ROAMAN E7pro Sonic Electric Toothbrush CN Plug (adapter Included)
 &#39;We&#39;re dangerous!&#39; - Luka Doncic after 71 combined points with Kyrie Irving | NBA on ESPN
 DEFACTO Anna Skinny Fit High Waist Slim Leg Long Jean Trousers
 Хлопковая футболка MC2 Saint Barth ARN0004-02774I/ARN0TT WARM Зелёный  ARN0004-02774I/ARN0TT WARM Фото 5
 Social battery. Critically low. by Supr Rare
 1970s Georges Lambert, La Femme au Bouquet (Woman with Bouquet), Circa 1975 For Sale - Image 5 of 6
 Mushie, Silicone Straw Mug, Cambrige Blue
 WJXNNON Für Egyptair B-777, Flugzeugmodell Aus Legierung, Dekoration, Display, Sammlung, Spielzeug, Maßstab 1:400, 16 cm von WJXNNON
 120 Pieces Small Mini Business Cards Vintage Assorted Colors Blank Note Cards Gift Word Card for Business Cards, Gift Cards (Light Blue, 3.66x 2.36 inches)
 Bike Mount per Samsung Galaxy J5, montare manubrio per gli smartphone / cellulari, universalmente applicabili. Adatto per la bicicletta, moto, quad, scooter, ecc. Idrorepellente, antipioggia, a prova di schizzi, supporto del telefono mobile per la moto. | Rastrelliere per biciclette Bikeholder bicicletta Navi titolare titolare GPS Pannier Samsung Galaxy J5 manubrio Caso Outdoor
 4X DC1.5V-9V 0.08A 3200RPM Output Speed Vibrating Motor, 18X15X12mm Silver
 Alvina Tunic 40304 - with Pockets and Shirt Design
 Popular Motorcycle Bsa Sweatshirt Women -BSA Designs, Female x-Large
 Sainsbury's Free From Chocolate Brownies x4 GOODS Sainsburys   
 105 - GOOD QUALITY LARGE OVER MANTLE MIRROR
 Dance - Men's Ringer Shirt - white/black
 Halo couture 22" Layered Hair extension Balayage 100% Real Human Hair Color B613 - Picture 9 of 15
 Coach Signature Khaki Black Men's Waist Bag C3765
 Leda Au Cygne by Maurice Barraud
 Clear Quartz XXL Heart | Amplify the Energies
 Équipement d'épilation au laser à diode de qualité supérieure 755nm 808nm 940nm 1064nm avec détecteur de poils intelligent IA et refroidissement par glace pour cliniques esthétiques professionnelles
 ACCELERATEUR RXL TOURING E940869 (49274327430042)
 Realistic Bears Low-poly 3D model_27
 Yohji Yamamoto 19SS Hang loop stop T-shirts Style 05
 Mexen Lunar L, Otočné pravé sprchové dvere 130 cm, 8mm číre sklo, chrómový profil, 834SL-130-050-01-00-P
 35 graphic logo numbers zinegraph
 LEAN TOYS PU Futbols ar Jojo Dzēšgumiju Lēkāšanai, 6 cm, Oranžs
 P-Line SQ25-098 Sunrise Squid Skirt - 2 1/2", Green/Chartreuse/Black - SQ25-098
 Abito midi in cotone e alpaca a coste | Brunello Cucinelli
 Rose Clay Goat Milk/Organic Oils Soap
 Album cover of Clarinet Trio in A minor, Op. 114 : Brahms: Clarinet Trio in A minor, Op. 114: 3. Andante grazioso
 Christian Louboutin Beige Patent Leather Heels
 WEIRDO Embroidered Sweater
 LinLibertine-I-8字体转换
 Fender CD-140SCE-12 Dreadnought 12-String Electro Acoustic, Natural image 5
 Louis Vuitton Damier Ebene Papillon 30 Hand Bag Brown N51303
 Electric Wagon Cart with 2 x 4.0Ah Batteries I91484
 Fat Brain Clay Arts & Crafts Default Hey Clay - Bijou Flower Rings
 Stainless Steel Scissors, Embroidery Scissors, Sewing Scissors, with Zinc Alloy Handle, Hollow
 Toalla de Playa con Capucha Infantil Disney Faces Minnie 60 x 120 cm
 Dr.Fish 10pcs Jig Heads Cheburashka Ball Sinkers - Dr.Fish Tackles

**Prompt:** Please give back exactly the lines of the listing above that run from the one containing "Abito midi in" through the one containing "Electric Wagon Cart", and only those.

**Response to the task:**
 Abito midi in cotone e alpaca a coste | Brunello Cucinelli
 Rose Clay Goat Milk/Organic Oils Soap
 Album cover of Clarinet Trio in A minor, Op. 114 : Brahms: Clarinet Trio in A minor, Op. 114: 3. Andante grazioso
 Christian Louboutin Beige Patent Leather Heels
 WEIRDO Embroidered Sweater
 LinLibertine-I-8字体转换
 Fender CD-140SCE-12 Dreadnought 12-String Electro Acoustic, Natural image 5
 Louis Vuitton Damier Ebene Papillon 30 Hand Bag Brown N51303
 Electric Wagon Cart with 2 x 4.0Ah Batteries I91484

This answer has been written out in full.